The problem is that there are many limiting factors in questioning surveys and
what you are testing them on. And determining a person's aptitude for
technology is a very subjective process. Do you test their resourcefulness by
asking them what sites they visit and learn from? Do you test their actual
programming ability by having them do a live coding that could be too specific
case? Do you ask them about terminology which just shows they may know some
buzzwords?

Google for a while gave up on asking algorithm questions supposedly for a
certain subset of jobs they had.

I think as IT is getting more specialized and there is a difference between
people knowing certain things it is important to have some form of domain
knowledge which can be in the form of terminology quizzed, but at what level
is up for debate.
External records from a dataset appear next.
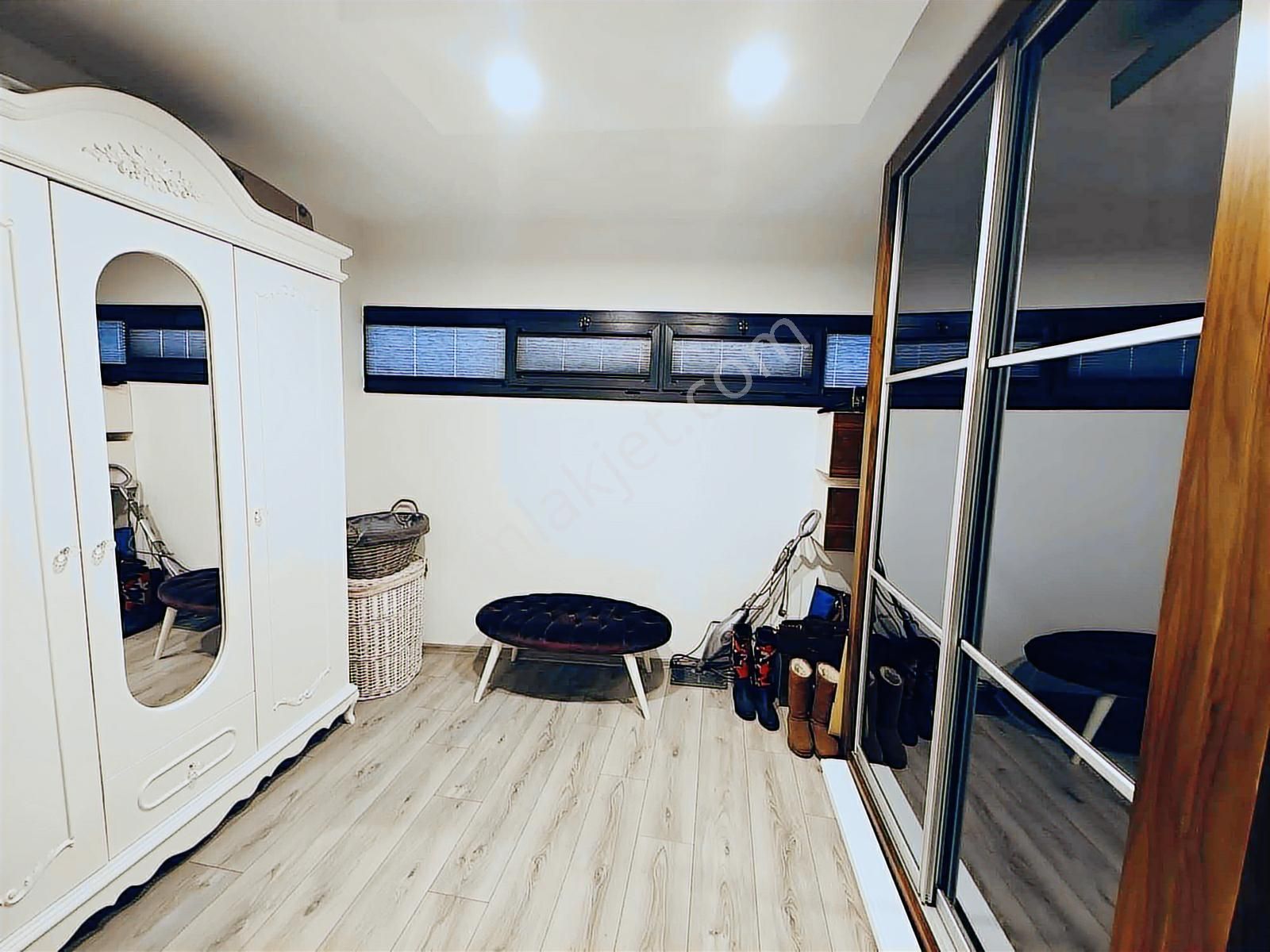 Nurfen'den Lüks Tadilatlı İnönü Caddesi Altı 4+1 Satılık Daire - Görsel 8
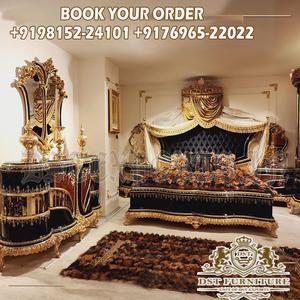 Juego de Cama de Lujo Estilo Barroco con Estructura de Madera, Muebles de Dormitorio Tallados en Negro y Dorado, Juego de Cama Exclusivo de Estilo Europeo, EE. UU. - Product Image 3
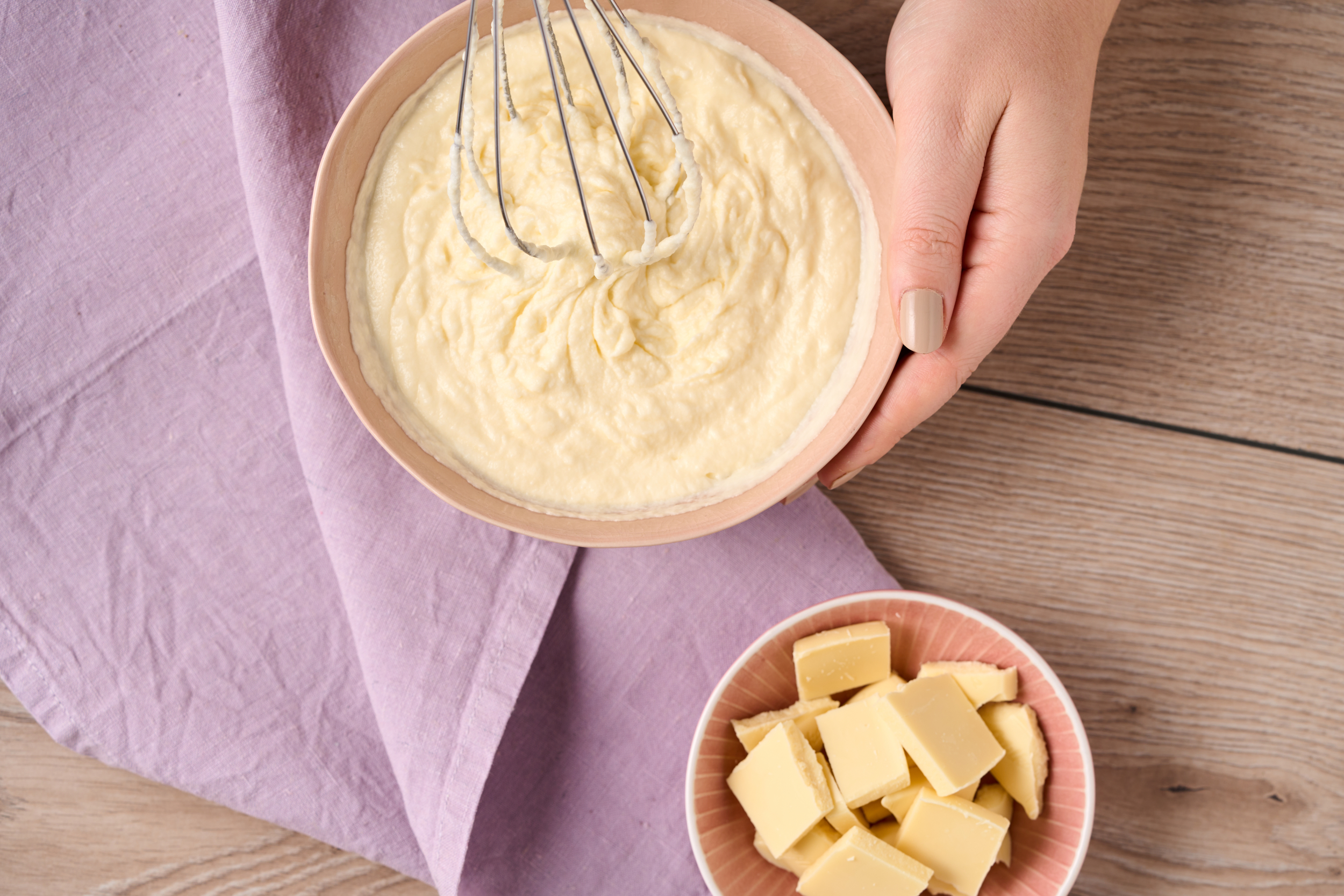 Fruchtiges Dessert im Glas mit Erdbeeren und Kokosmilch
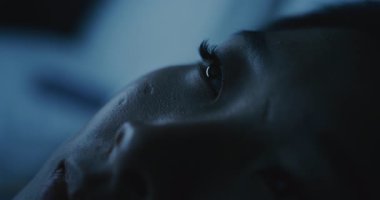 Uykuya dalmayı denerken Asyalı Kız Yüzü 'nün yakın plan çekimleri. Yumuşak, Serin Işıklandırma ve Huzurlu İfade Uykuya Düşme Anı. Sağlıklı uyku, yorgunluk ve dinlenme kavramı. Sabit Çekim.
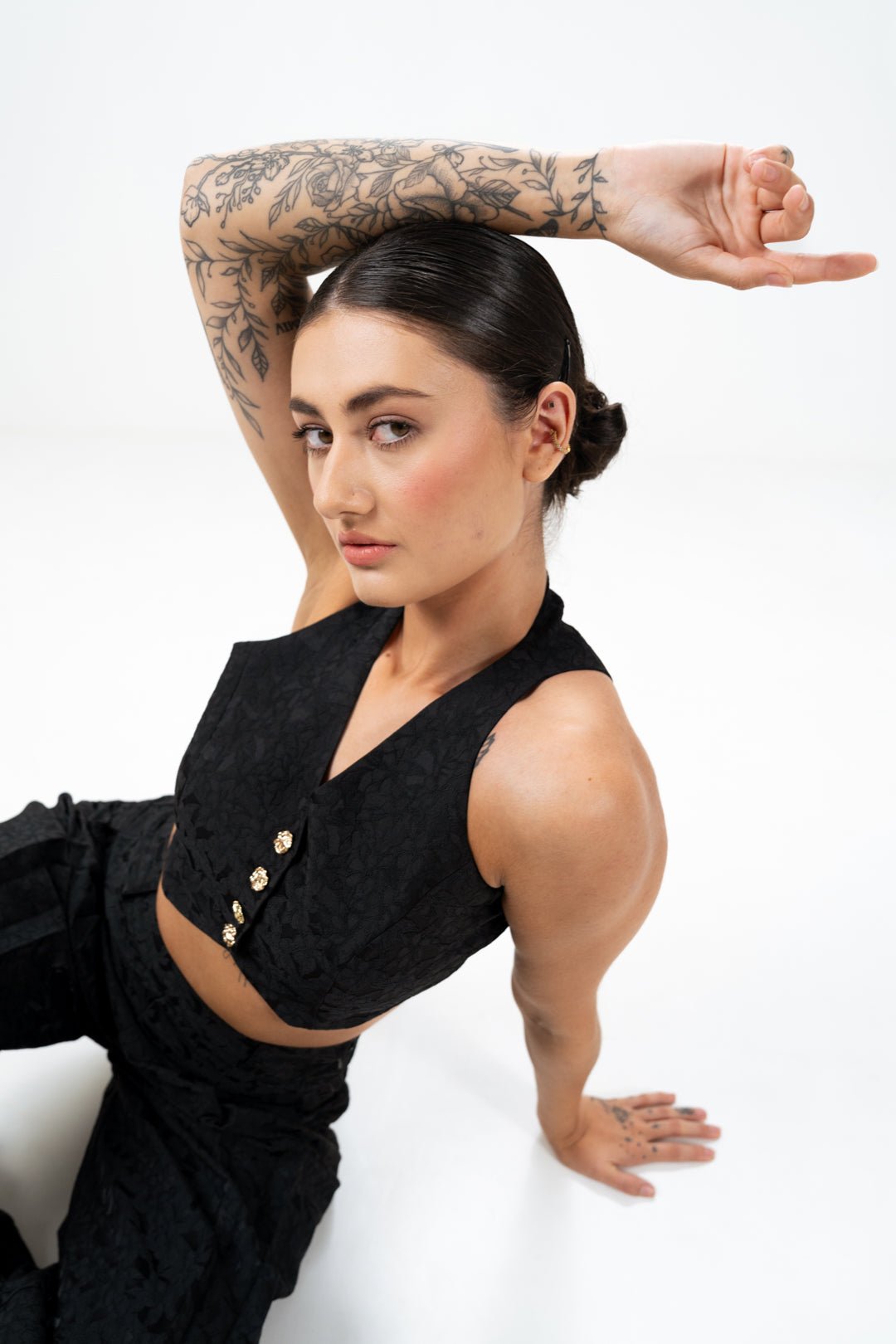 BLACK VEST AND WIDE - LEG PANT CO - ORD SET - Sotbella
But maybe a more open question format would be better.

I think always presenting the interviewer with the code and having them look
it over then provide input is maybe a better fit. It is like math, everyone
wants to just use a calculator but in school you use your head at first for a
while, but eventually everyone in a work environment uses a calculator anyway.

The computer questions should be the same, they should have access to a
computer. They should then be quized on how to reason out this x code and how
can I change it to be more like y. They need to be problem-solving questions,
that use some critical thinking but also involves some reasonableness to them.
Some may ask terminology, but it shouldn't be the main focus.

It also does not help that employers don't know what to ask for their tech
jobs as well in many cases. If someone wants to hire a web developer they may
just copy and paste and re-write the job requirements of a random posting they
find online. This is what I imagine happens 90% of the time. The reason why
job posts are such crap is because when someone posts a new requirement they
probably all just update their templates that they had before-hand. It's
technological ignorance at best!

What is getting worse is also specialization in different sectors of computing
is just confusing companies more-- Devops, machine learning, security
programming, etc etc. And as computer literacy is improving in population yet
code is getting automated more and more there is becoming an increasingly
difficult question of what is necessary to learn for aspiring programmers who
will be joining the workforce.

A few good devop team can easily be more productive then 3 times the size of
it in developers if the developers know nothing about devops.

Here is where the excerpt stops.